What to work on = Please retype every entry below, keeping it exactly the same.

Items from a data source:
■ ■ ■ ■ ■ ■ ■

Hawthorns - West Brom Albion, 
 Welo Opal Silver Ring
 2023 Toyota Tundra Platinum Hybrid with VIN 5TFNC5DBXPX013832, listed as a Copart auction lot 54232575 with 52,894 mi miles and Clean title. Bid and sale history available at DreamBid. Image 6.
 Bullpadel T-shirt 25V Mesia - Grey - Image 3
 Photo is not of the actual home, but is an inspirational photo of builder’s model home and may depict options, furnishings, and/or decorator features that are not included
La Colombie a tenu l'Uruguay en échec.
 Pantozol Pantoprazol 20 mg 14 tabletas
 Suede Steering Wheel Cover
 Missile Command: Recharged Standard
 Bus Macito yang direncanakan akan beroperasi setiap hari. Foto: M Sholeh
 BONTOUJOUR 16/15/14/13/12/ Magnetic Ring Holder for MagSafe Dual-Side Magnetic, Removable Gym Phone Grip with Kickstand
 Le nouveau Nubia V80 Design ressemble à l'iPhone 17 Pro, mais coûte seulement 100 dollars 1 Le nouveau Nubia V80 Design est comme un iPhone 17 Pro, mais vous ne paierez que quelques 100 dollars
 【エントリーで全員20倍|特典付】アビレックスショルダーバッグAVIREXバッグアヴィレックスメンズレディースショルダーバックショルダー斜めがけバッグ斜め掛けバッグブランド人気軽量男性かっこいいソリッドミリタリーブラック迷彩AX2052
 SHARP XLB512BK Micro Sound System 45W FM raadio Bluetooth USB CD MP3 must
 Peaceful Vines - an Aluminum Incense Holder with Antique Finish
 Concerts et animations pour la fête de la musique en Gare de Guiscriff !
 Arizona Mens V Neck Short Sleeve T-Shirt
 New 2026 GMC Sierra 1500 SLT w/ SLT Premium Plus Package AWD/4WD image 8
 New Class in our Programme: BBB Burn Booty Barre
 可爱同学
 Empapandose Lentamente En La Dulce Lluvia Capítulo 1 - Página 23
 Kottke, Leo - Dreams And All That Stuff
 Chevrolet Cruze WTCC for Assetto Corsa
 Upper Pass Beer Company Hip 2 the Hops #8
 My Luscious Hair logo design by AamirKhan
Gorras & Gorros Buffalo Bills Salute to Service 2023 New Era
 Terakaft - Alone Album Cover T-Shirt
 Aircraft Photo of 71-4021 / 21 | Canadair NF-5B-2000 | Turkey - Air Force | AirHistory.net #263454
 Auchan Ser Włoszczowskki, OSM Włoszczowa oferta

■ ■ ■ ■ ■ ■ ■

Result below =
Hawthorns - West Brom Albion, 
 Welo Opal Silver Ring
 2023 Toyota Tundra Platinum Hybrid with VIN 5TFNC5DBXPX013832, listed as a Copart auction lot 54232575 with 52,894 mi miles and Clean title. Bid and sale history available at DreamBid. Image 6.
 Bullpadel T-shirt 25V Mesia - Grey - Image 3
 Photo is not of the actual home, but is an inspirational photo of builder’s model home and may depict options, furnishings, and/or decorator features that are not included
La Colombie a tenu l'Uruguay en échec.
 Pantozol Pantoprazol 20 mg 14 tabletas
 Suede Steering Wheel Cover
 Missile Command: Recharged Standard
 Bus Macito yang direncanakan akan beroperasi setiap hari. Foto: M Sholeh
 BONTOUJOUR 16/15/14/13/12/ Magnetic Ring Holder for MagSafe Dual-Side Magnetic, Removable Gym Phone Grip with Kickstand
 Le nouveau Nubia V80 Design ressemble à l'iPhone 17 Pro, mais coûte seulement 100 dollars 1 Le nouveau Nubia V80 Design est comme un iPhone 17 Pro, mais vous ne paierez que quelques 100 dollars
 【エントリーで全員20倍|特典付】アビレックスショルダーバッグAVIREXバッグアヴィレックスメンズレディースショルダーバックショルダー斜めがけバッグ斜め掛けバッグブランド人気軽量男性かっこいいソリッドミリタリーブラック迷彩AX2052
 SHARP XLB512BK Micro Sound System 45W FM raadio Bluetooth USB CD MP3 must
 Peaceful Vines - an Aluminum Incense Holder with Antique Finish
 Concerts et animations pour la fête de la musique en Gare de Guiscriff !
 Arizona Mens V Neck Short Sleeve T-Shirt
 New 2026 GMC Sierra 1500 SLT w/ SLT Premium Plus Package AWD/4WD image 8
 New Class in our Programme: BBB Burn Booty Barre
 可爱同学
 Empapandose Lentamente En La Dulce Lluvia Capítulo 1 - Página 23
 Kottke, Leo - Dreams And All That Stuff
 Chevrolet Cruze WTCC for Assetto Corsa
 Upper Pass Beer Company Hip 2 the Hops #8
 My Luscious Hair logo design by AamirKhan
Gorras & Gorros Buffalo Bills Salute to Service 2023 New Era
 Terakaft - Alone Album Cover T-Shirt
 Aircraft Photo of 71-4021 / 21 | Canadair NF-5B-2000 | Turkey - Air Force | AirHistory.net #263454
 Auchan Ser Włoszczowskki, OSM Włoszczowa oferta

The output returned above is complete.